In computer science, a tagged union, also called a variant, variant record, discriminated union, disjoint union, or sum type, is a data structure used to hold a value that could take on several different, but fixed, types. Only one of the types can be in use at any one time, and a tag field explicitly indicates which one is in use. It can be thought of as a type that has several "cases," each of which should be handled correctly when that type is manipulated. Like ordinary unions, tagged unions can save storage by overlapping storage areas for each type, since only one is in use at a time.
Tagged unions are most important in functional languages such as ML and Haskell, where they are called datatypes (see algebraic data type) and the compiler is able to verify that all cases of a tagged union are always handled, avoiding many types of errors. They can, however, be constructed in nearly any language, and are much safer than untagged unions, often simply called unions, which are similar but do not explicitly keep track of which member of the union is currently in use.

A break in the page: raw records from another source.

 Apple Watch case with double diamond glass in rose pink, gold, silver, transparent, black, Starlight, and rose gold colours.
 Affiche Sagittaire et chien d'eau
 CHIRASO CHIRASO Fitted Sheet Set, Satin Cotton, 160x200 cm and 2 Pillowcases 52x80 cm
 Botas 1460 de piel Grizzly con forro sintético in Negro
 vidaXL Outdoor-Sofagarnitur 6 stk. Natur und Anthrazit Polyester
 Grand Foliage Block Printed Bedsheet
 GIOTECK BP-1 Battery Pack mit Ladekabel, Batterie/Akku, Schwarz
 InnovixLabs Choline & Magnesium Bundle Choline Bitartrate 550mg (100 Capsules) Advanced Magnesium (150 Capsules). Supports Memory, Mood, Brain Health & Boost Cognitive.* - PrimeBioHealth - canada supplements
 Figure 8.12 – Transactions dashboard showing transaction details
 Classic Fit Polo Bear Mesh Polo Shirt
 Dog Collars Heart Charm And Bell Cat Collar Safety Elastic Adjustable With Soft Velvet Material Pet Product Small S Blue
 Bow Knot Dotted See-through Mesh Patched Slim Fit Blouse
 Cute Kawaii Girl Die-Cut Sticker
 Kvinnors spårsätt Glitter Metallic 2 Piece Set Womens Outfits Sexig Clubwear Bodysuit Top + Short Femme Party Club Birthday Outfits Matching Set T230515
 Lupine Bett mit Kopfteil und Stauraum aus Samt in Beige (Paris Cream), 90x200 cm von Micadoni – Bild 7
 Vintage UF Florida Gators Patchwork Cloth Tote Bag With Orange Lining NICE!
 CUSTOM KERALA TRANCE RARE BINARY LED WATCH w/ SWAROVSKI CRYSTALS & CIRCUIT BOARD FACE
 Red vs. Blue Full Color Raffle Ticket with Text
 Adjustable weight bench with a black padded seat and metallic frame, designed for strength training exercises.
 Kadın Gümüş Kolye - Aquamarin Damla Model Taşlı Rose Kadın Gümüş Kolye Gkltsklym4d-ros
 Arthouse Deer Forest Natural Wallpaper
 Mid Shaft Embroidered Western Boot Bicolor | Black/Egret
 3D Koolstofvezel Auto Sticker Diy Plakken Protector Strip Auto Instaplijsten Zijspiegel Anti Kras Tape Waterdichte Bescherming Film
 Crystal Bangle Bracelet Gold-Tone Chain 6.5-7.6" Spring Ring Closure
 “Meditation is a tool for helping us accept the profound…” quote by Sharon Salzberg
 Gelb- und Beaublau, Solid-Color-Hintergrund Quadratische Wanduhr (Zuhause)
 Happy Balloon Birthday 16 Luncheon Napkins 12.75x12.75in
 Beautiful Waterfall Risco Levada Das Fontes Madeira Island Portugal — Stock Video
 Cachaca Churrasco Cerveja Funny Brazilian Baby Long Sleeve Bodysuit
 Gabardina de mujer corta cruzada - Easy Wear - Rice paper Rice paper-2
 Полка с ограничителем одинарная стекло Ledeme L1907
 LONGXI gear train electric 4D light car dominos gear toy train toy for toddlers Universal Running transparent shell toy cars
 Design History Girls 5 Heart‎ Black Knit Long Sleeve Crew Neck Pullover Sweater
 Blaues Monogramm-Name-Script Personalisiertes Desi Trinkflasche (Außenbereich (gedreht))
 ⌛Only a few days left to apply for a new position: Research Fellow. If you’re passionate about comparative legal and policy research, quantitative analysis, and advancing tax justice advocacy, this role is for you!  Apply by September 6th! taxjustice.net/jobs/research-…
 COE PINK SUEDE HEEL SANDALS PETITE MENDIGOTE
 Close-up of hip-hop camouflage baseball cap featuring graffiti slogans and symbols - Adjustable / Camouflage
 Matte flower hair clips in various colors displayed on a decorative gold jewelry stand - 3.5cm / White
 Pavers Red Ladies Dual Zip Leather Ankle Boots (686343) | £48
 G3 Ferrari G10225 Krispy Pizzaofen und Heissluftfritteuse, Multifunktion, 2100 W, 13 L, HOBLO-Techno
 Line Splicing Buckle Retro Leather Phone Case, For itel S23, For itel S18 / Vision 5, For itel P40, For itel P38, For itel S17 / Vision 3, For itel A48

Tagged unions are often accompanied by the concept of a type constructor, which is similar but not the same as a constructor for a class. Type constructors produce a tagged union type, given the initial tag type and the corresponding type.
Mathematically, tagged unions correspond to disjoint or discriminated unions, usually written using +. Given an element of a disjoint union A + B, it is possible to determine whether it came from A or B. If an element lies in both, there will be two effectively distinct copies of the value in A + B, one from A and one from B.